Method above gives this error:

    print '<a href="'+title+'>'+title+'</a>'
TypeError: cannot concatenate 'str' and 'tuple' objects

and if i simply put "print = title" I get the following ugly result

('https://www.', 'youtube', 'com/watch?v=gm2SGfjvgjM')

all links scraped will look like this:

<a href="https://www.youtube.com/watch?v=gm2SGfjvgjM"

Im hoping to have it print like following:

<a href="https://www.youtube.com/watch?v=gm2SGfjvgjM">youtube</a>
<a href="http://www.dailymotion.com/video/x5zuvuu">dailymotion</a>

Been playing with python for a while but I struggle alot lol. and FYI Ive spent endless hours trying to figure out beautiful soup but just dont get it.
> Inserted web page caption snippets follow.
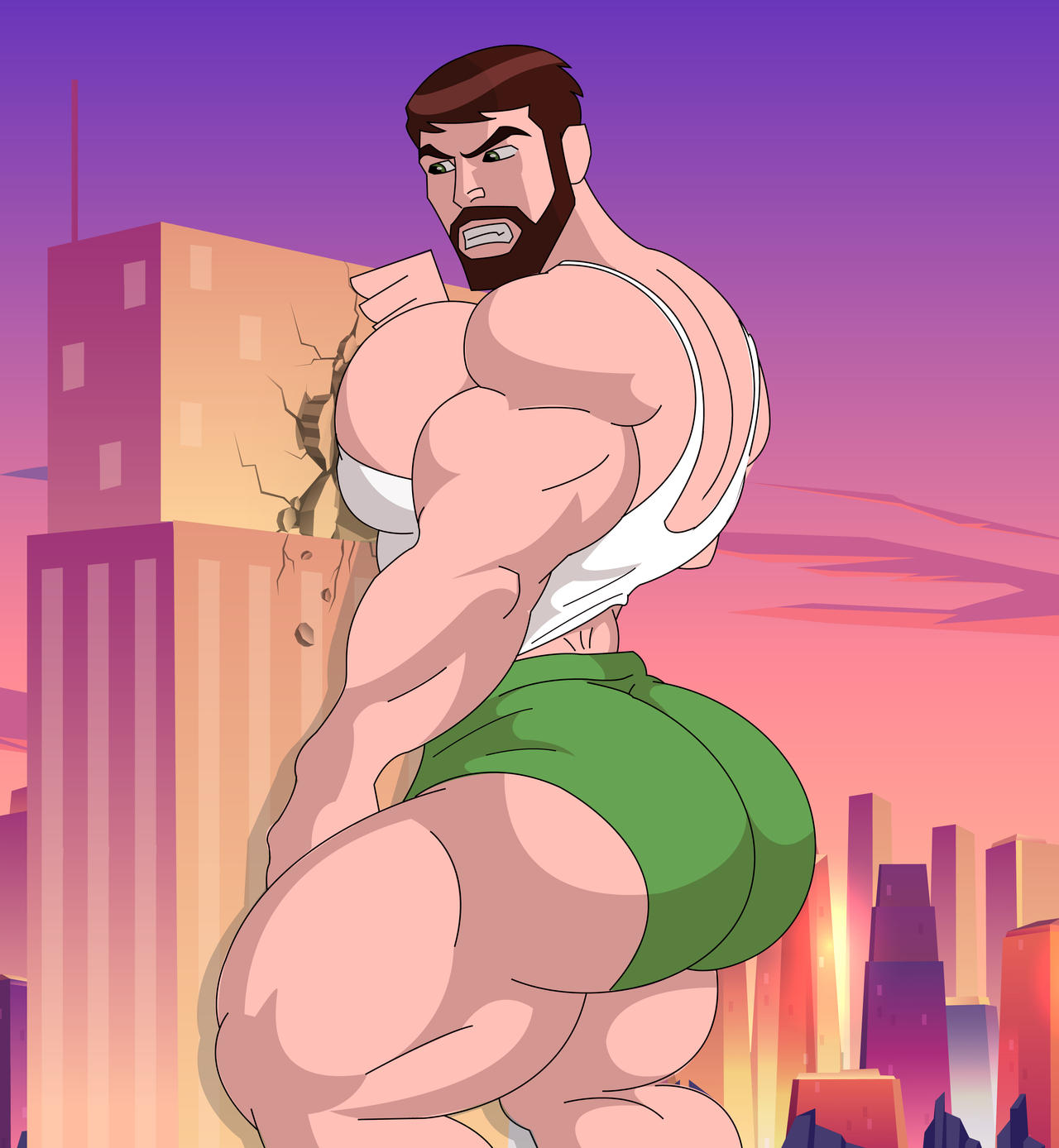 aged_up beard ben_10 ben_tennyson big_ass city huge_ass macro male_only mature mature_male muscles muscular muscular_male sajoker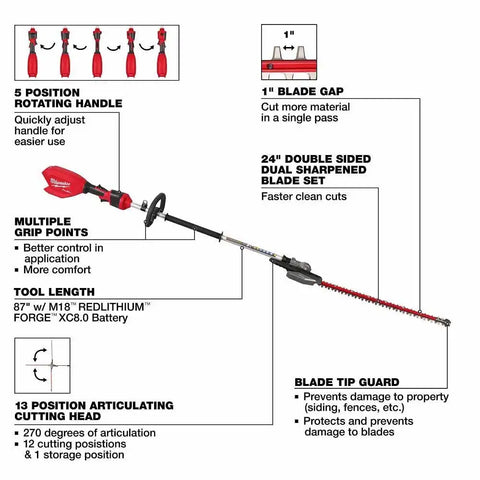 Milwaukee 3012-20 M18 FUEL Pole Articulating Hedge Trimmer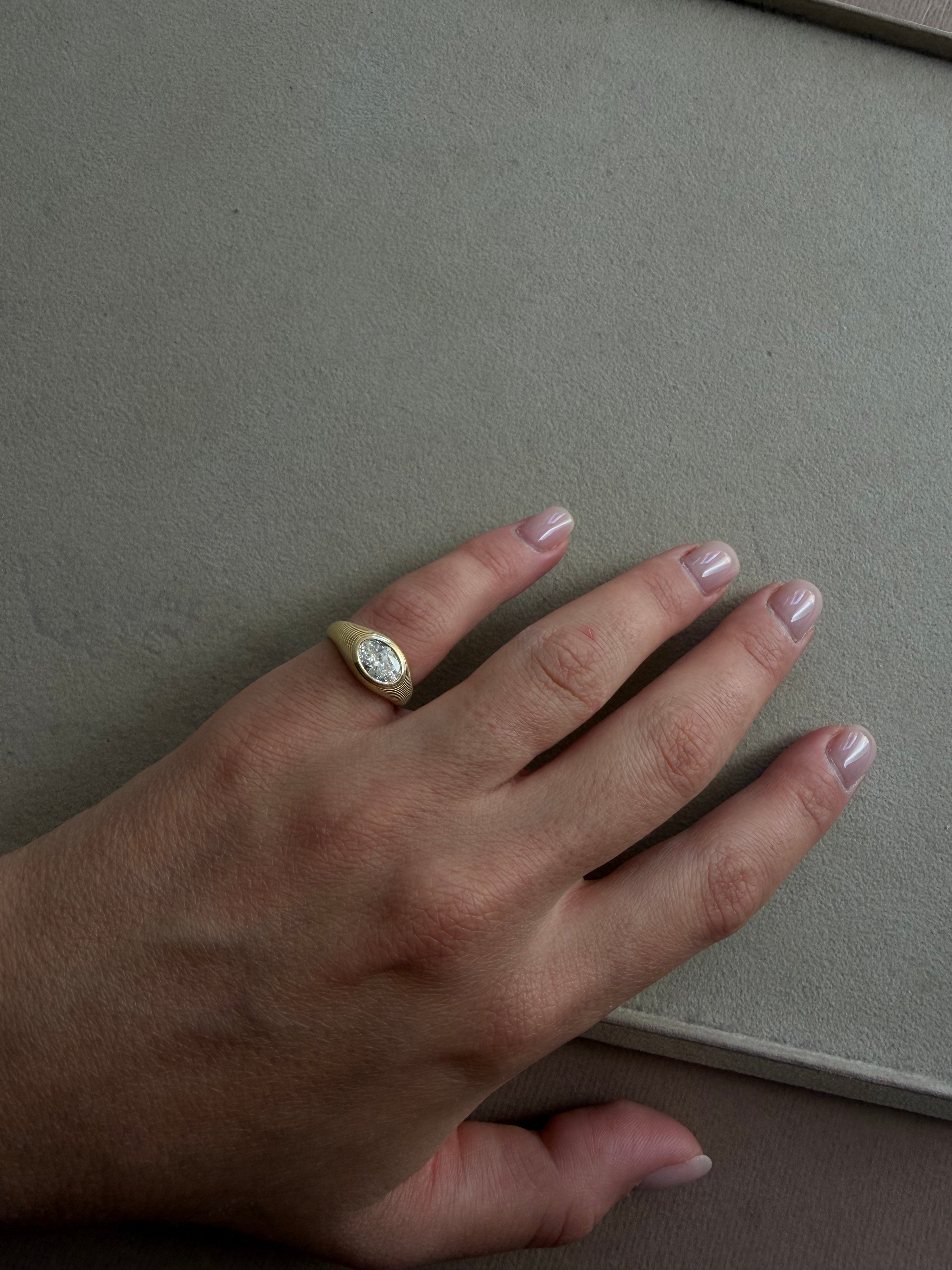 Textured Oval Bezel Ring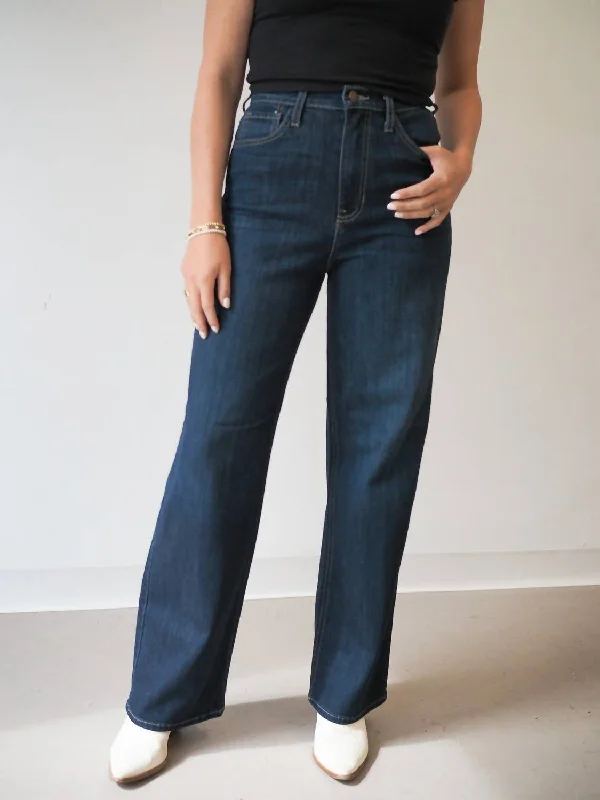 Limited Availability Retro Wide Straight Jean In Dark Denim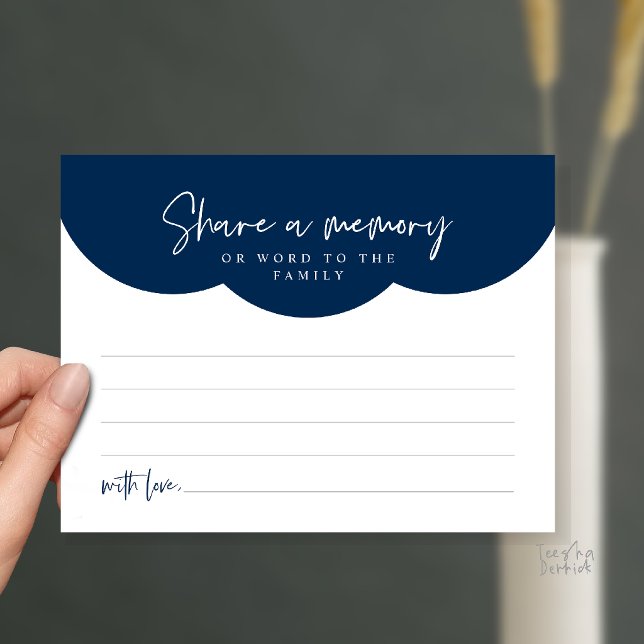 Postal Cartão de Memória de Serviço Funerário, Compartilh (Funeral Service, Share a memory or words to the family Memorial Card in Navy Blue)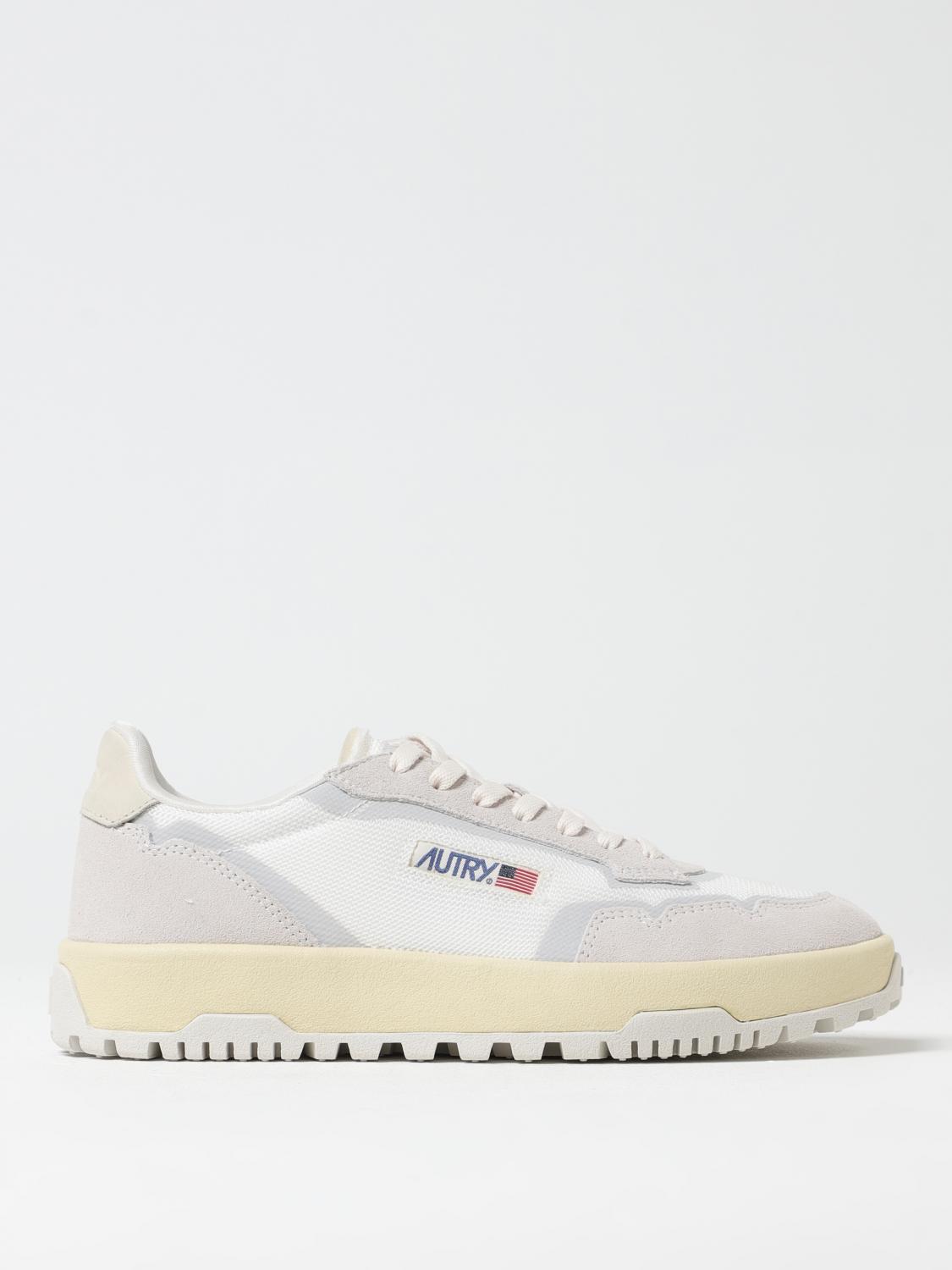 Autry Wildpace Low Sneakers In White Mesh And Suede In White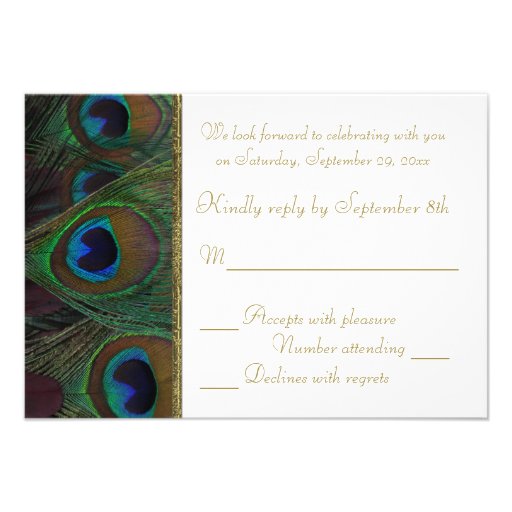 Brown, Gold Peacock Feathers RSVP Card Custom Invite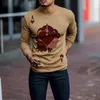 Men's Sweaters Men's Clothing Spring Autumn Sweatshirt Long Sleeve Pullover Poker Card Print Shirts Streetwear Fashion Tracksuit Men 2021 L230719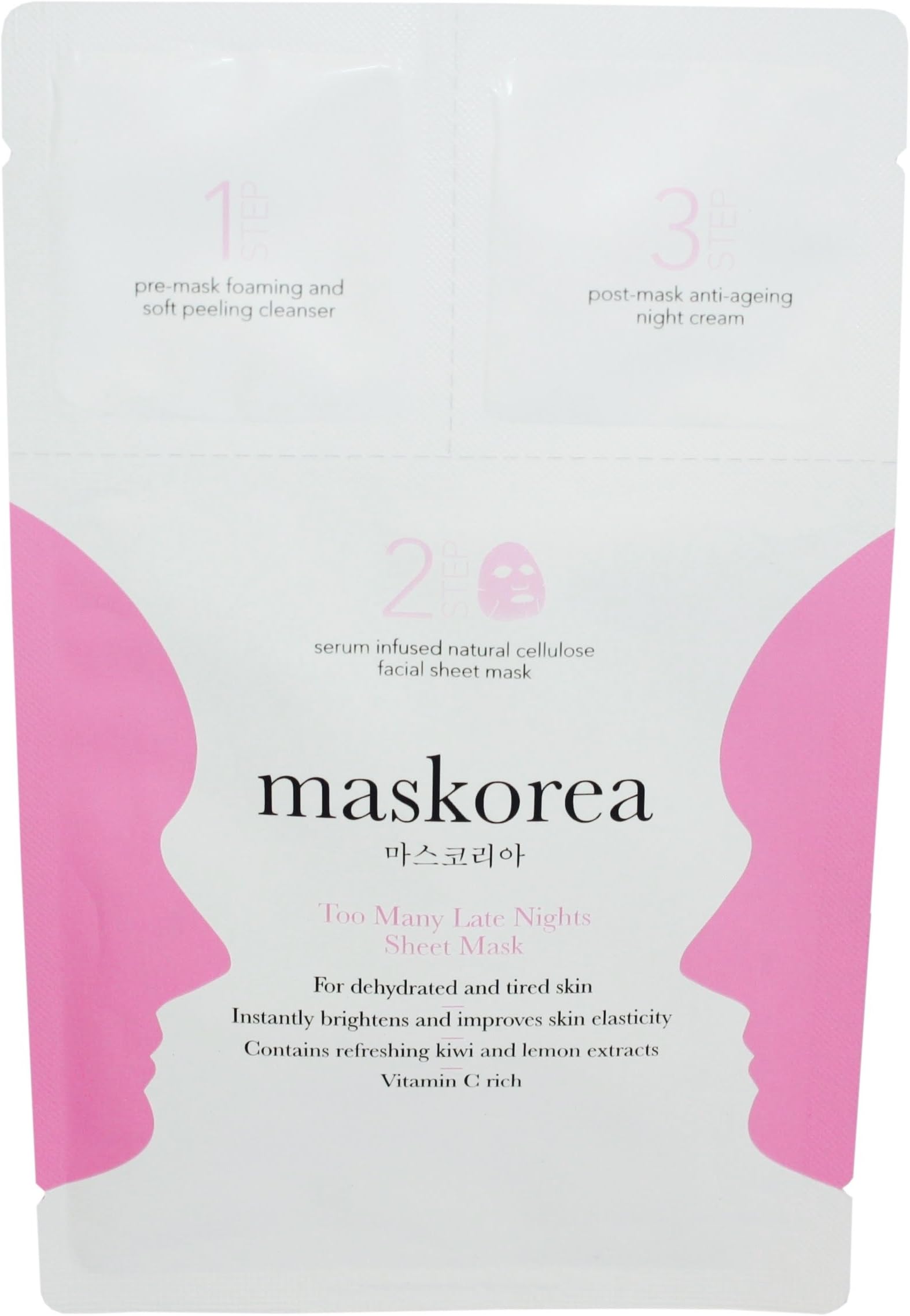 maskorea 3-step face sheet mask: TOO MANY LATE NIGHTS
Would appreciate any help on this without changing the method totally if possible, Thanks for any help.

cs95
  • 379,657
  • 97
  • 704
  • 746
Bobby Peters
  • 181
  • 1
  • 1
  • 9
  • Try running your code here: http://pythontutor.com –  Sep 11 '17 at 00:09
  • I will try Dani. Thanks have not seen that site before. What would be the benefit to testing in there as apposed to running in idle? – Bobby Peters Sep 11 '17 at 00:16
  • The reason you get the error is, you are trying to put together tuples and strings. If you are not sure at what point `title` becomes a string (though you can try figuring that out yourself), python tutor can help you, by showing you the steps the program takes, visually, 1 by 1. –  Sep 11 '17 at 00:18
  • Also, there probably is a solution without using regex, and you should definitely try that. https://stackoverflow.com/a/7553730/5306470 –  Sep 11 '17 at 00:19
  • Perfect Thanks Dani. I will continue to learn with the examples u have provided. – Bobby Peters Sep 11 '17 at 00:25
  • 1
    Regex is not ideal for parsing HTML. Use an HTML parser like BeautifulSoup. – Mark Tolonen Sep 11 '17 at 02:50
  • @MarkTolonen I am well aware of that but I suck way worse with beautifulsoup than i do with regex as it states in my description above. – Bobby Peters Sep 12 '17 at 01:55

2 Answers2

1

Your pattern seems okay. The problem is with the capturing groups inside. Make them all non-capturing with ?: so you only end up capturing the whole expression together.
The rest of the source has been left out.